With all this talk about MOOCs, we wanted to hear from someone who had deep experience with open courses long before the idea was discovered by the elite universities.  Guest blogger Alan Levine most recently was instructional technology specialist at the University of Mary Washington, following leadership positions at the New Media Consortium and the Maricopa Community Colleges.  Currently he is exploring new options under the banner of his own creation CogDog.it.  Through his Open Digital Storytelling class, you find concepts that can be used by an educator to reach a “massive” (or as large as you wish) audience.  We appreciate Alan’s humor and the titular reference to the closing line of the film “The Maltese Falcon.”  In response to the question “What is it?”, Humphrey Bogart answers “The stuff dreams are made of“.

Many people do not quite know what to make of the Open Digital Storytelling course ds106 (http://ds106.us/),  an open online course since January 2011:

[youtube=http://www.youtube.com/watch?v=eayDFs98ToY]

Started  in 2010 by University of Mary Washington (UMW) instructional technologist Jim Groom, this course broke away from the typical digital storytelling approach of video personal narrative, to framing storytelling as something that is based on and part of the culture that is the world wide web. Students at UMW are tasked with setting up their own domain and managing a WordPress blog, part of the personal cyberinfrastructure idea envisioned by Gardner Campbell.

The course explores not only the methods of creating visual, audio, and video media forms, but explores issues of digital identity, copyright, remix, and internet culture. It is less a statement of what digital storytelling is then an exploration of what it is as an ongoing query.

After presenting at the 2010 Instructional Technology Council’s eLearning conference, Jim was asked “why don’t you open up this course for others to participate?” Influenced by the open network structure of the 2008 Connectivism and Connective Knowledge course (which gave birth to the MOOC acronym) thus was born ds106, the open course. Built on a platform of open source technologies WordPress and the free FeedWordpress plugin, ds106 operates in the very distributed manner of the internet itself. Our primary channel of communication is a #ds106 hash tag in twitter plus our own internet radio station, built by participants,.
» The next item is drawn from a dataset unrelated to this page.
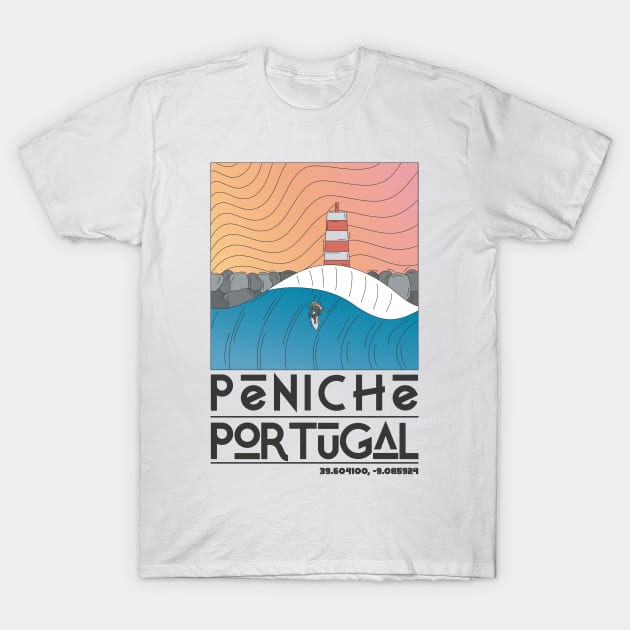 Peniche Portugal Retro Travel T-Shirt by JDP Designs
All participants in the experience, registered students at UMW and several other institutions plus open participants, submit a URL for their blog that is syndicated into ds106.  Currently, courses at the University of Michigan, Kansas State University, and York College/CUNY run parallel courses that tie into ds106. This means whenever someone publishes new content on their own site, ds106 gets a copy and all links on the ds106 site point back to the source. Our site currently subscribes to over 600 external blogs, and unlike your garden variety LMS, we never throw away previous work. We have aggregated over 23,000 blog posts.
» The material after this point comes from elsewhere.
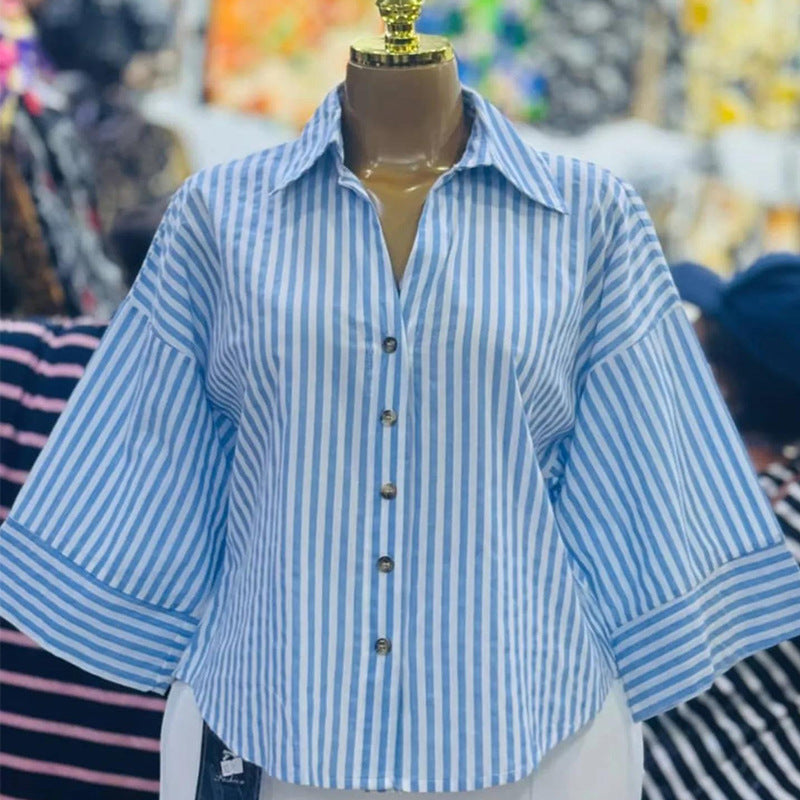 European and american cross-border women's fashion:  spring new arrivals - stylish, designer-inspired, unique turn-down collar, loose-fit striped blouse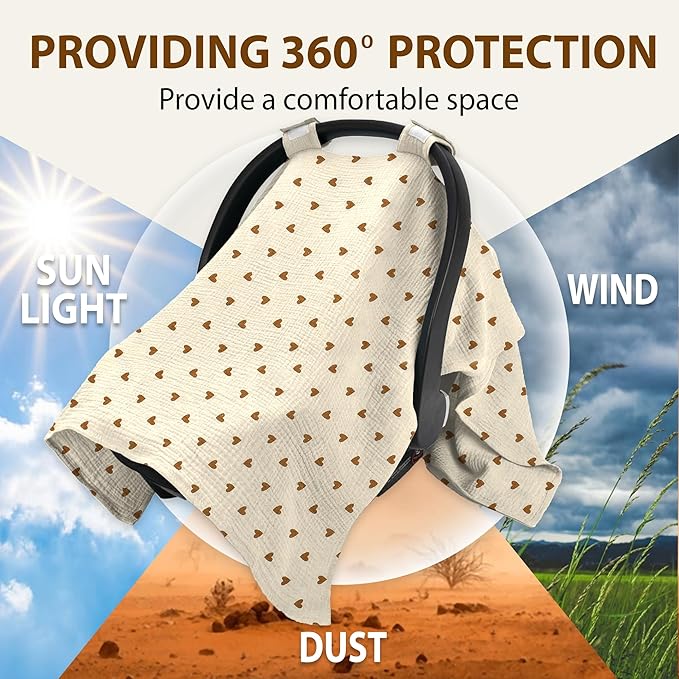 100% Organic Muslin Cotton Car Seat Cover 35 x 50 Inches Soft Touch Breathable Canopy, Protective Car Seat Cover Baby All Seasons Lightweight Car Seat Cover Travel Comfort (Beige Hearts)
This is a construct we refer to as the “syndication bus.” It has been used in several other open courses, including Entrepreneurship in Education, Project Community, and the Educational Technology MOOC currently in progress.

Participants in ds106 also build the course with us. Like EDS, we like to build planes in the air. The ds106 Assignment Bank houses much of the work we give to students to do, includes 500 creative activities contributed by participants and a Daily creative challenge site also populated by participants.
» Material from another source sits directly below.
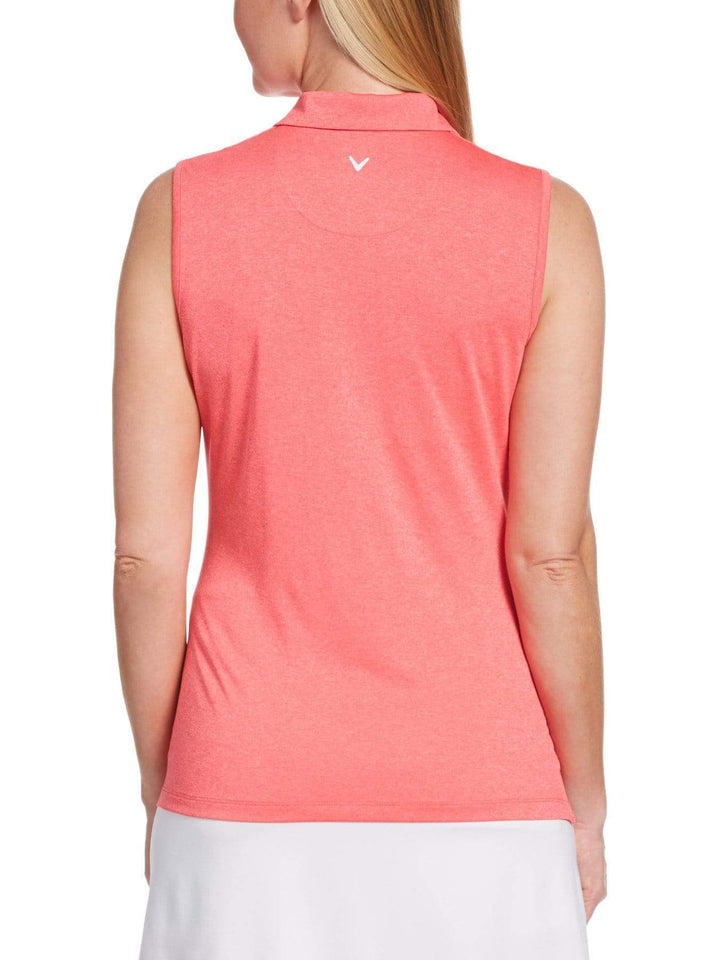 Womens Sleeveless 1/4 Zip Heather Polo-Polos-Callaway Apparel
Unlike other massive online open courses that are all the rage, ds106 does not attempt to replicate the same learning experience for every participant – nearly all MOOCs attempt to scale arithmetically. What our UMW students do overlaps with the other courses and what open participants choose to do, but there is no single ds106 course for all. In fact, it is more community than course. The syndication bus is a distributed network model, not a centralized one. There are no registrations or logins required to access ds106 content.

For a presentation at the Open Education Conference in 2012, I attempted to carefully diagram the structure of ds106. I failed.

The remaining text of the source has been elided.